Recorded information:
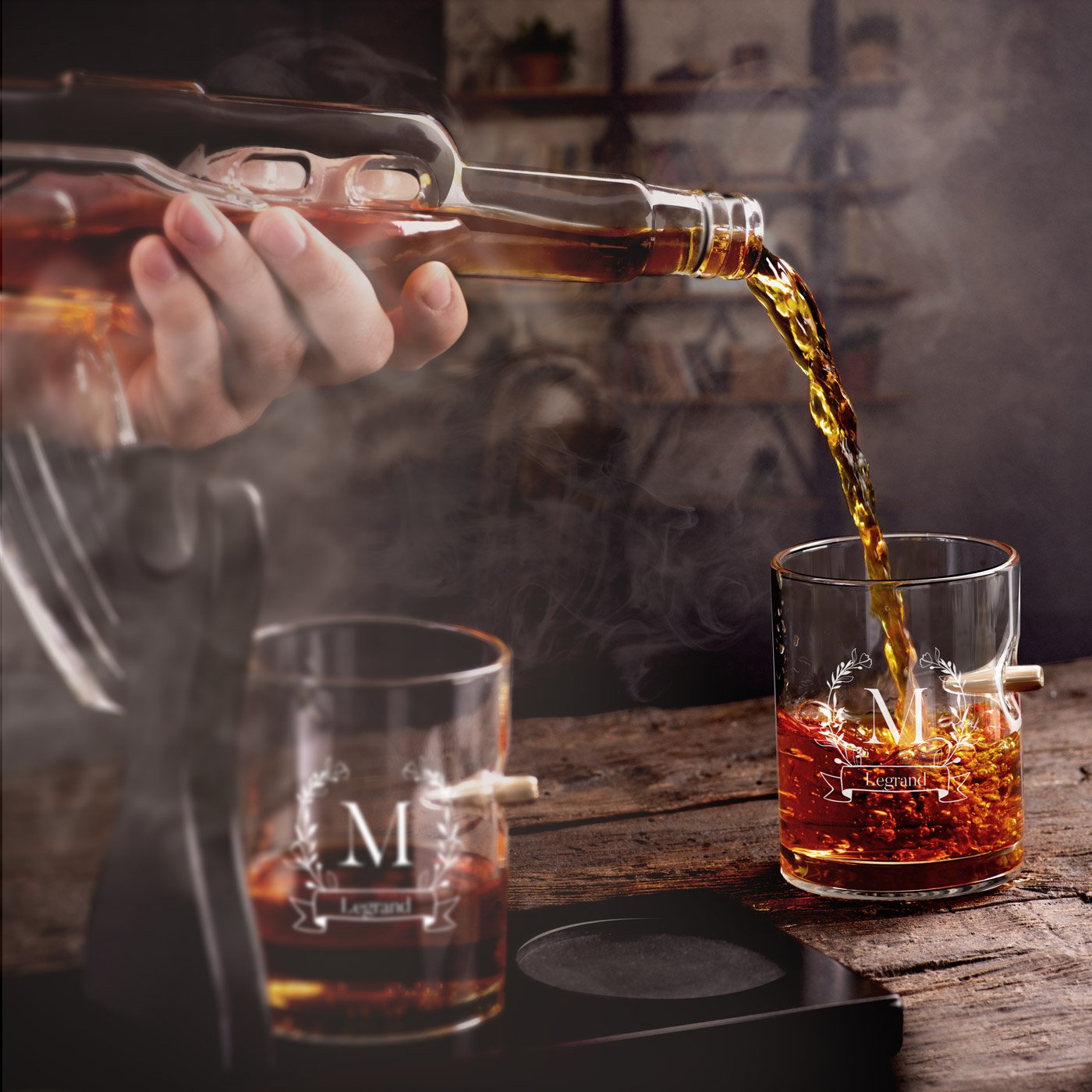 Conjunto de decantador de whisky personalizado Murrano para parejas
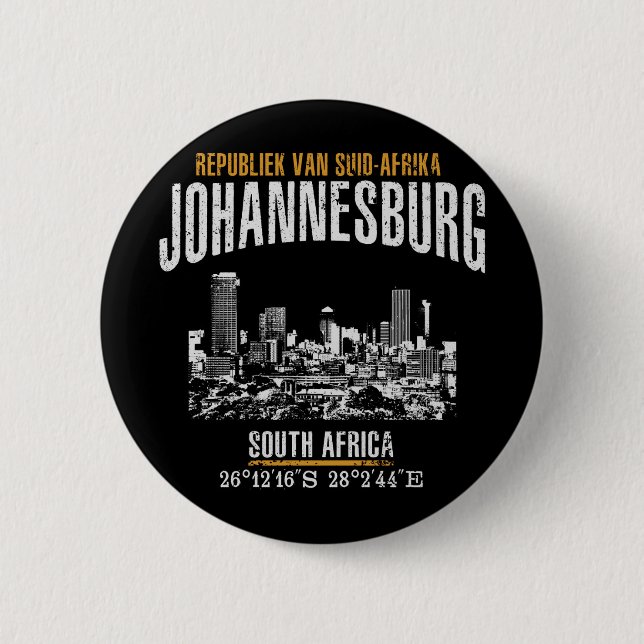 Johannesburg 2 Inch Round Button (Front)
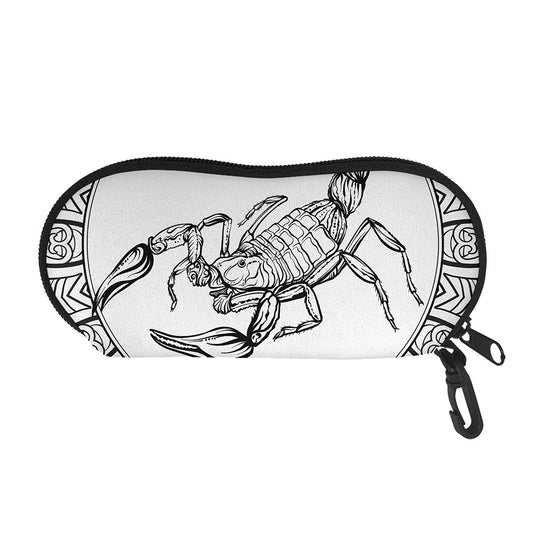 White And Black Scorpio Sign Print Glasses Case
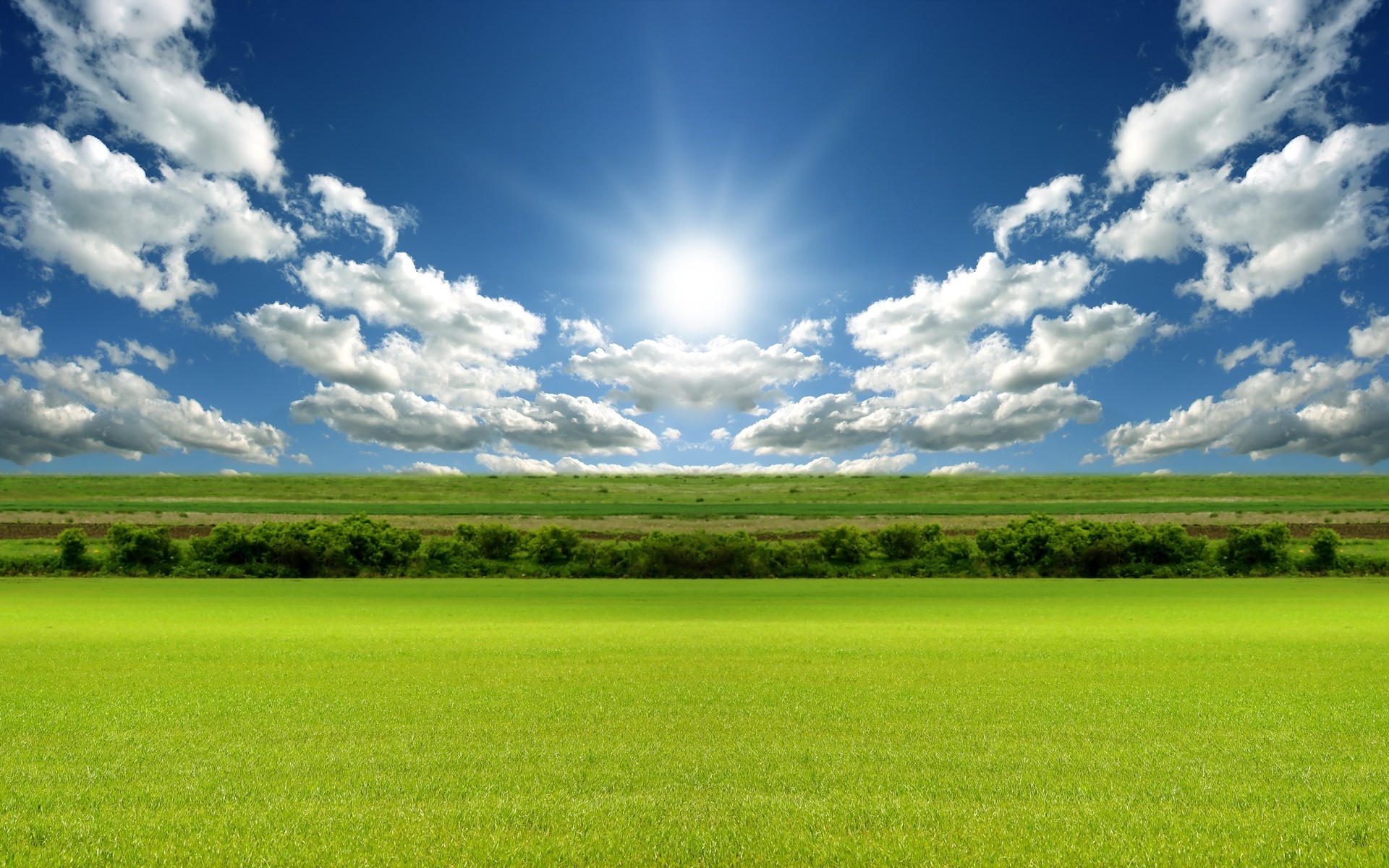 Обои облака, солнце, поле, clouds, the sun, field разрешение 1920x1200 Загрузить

==

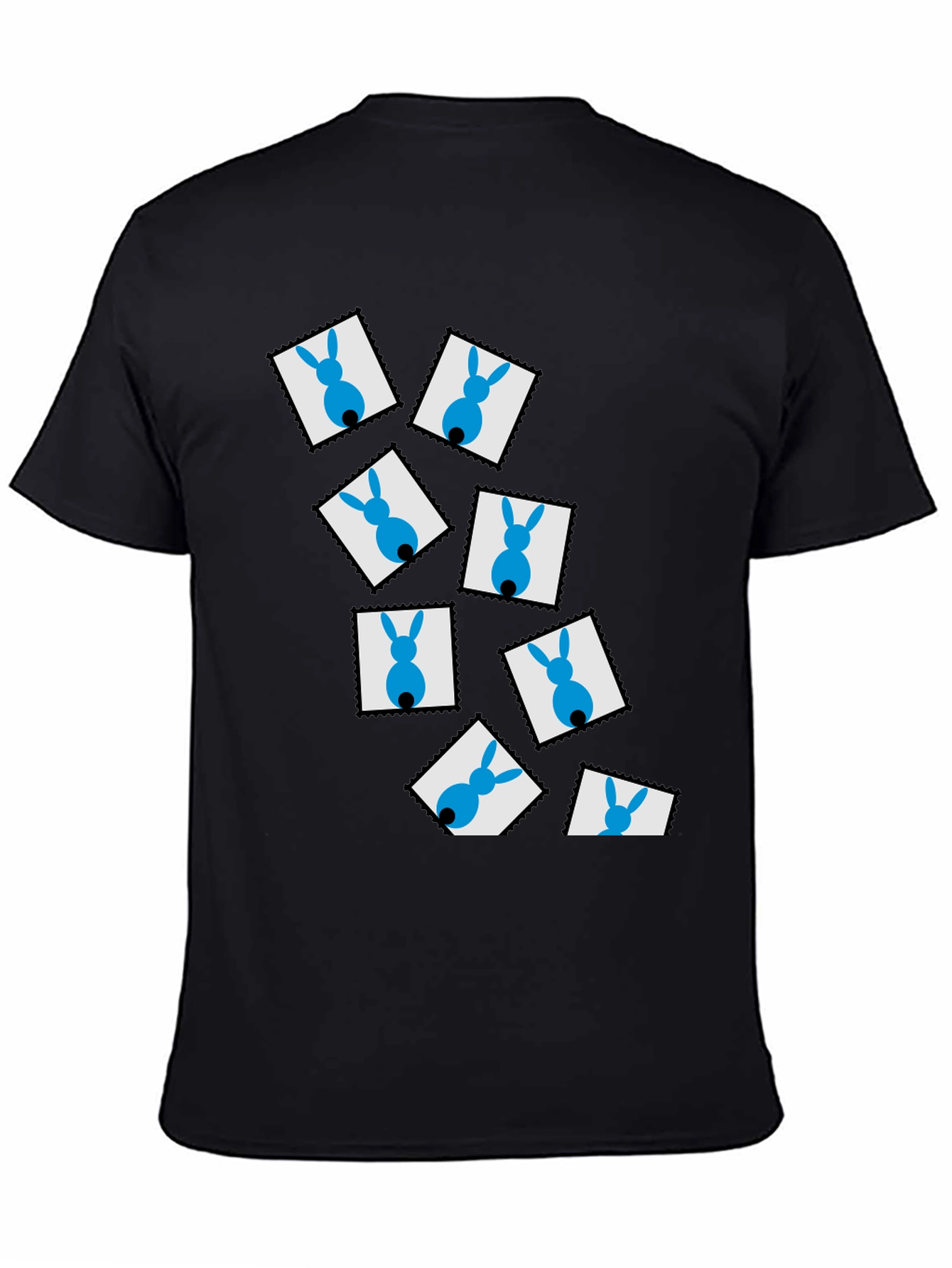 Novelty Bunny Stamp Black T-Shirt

* * *

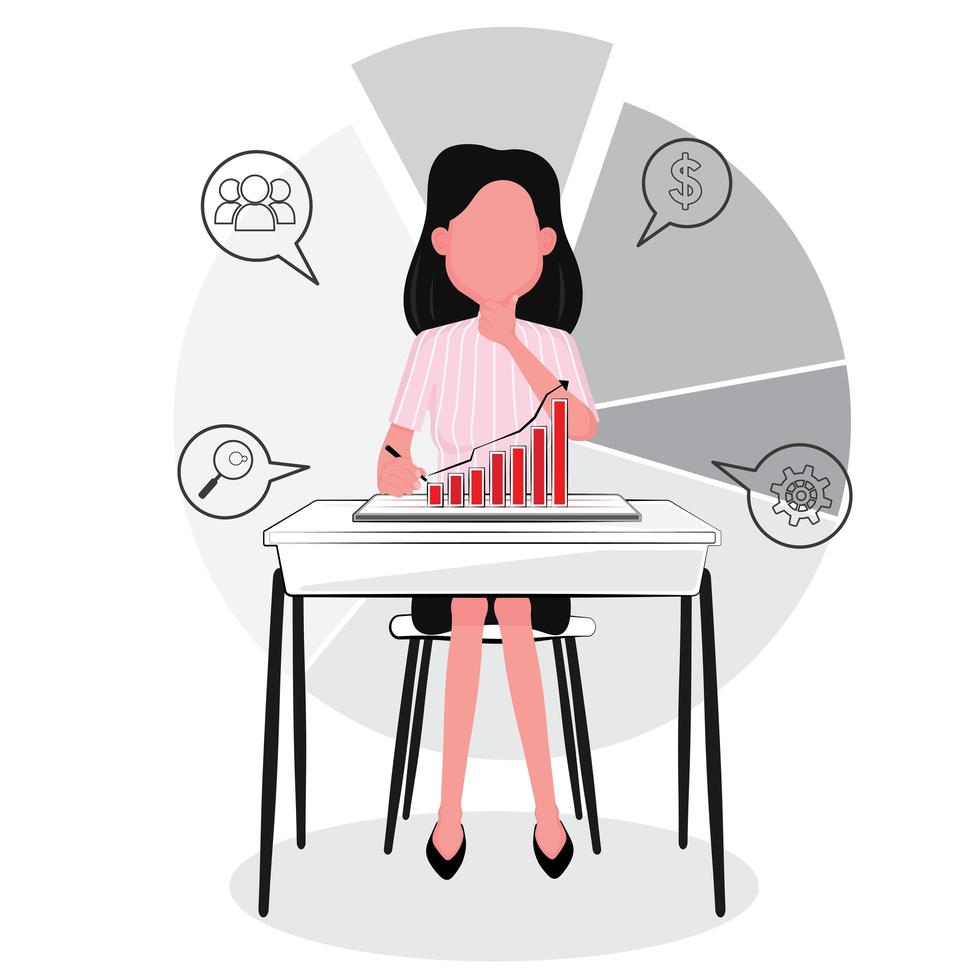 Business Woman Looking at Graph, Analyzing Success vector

Goal of the exercise:
Because only one stretch of the records is wanted, please output the lines from the one holding "Conjunto de decantador" through the one holding "Обои облака, солнце, поле, clouds, the" exactly, both included, and leave every picture out.

Exercise result:
 Conjunto de decantador de whisky personalizado Murrano para parejas
 Johannesburg 2 Inch Round Button (Front)
 White And Black Scorpio Sign Print Glasses Case
 Обои облака, солнце, поле, clouds, the sun, field разрешение 1920x1200 Загрузить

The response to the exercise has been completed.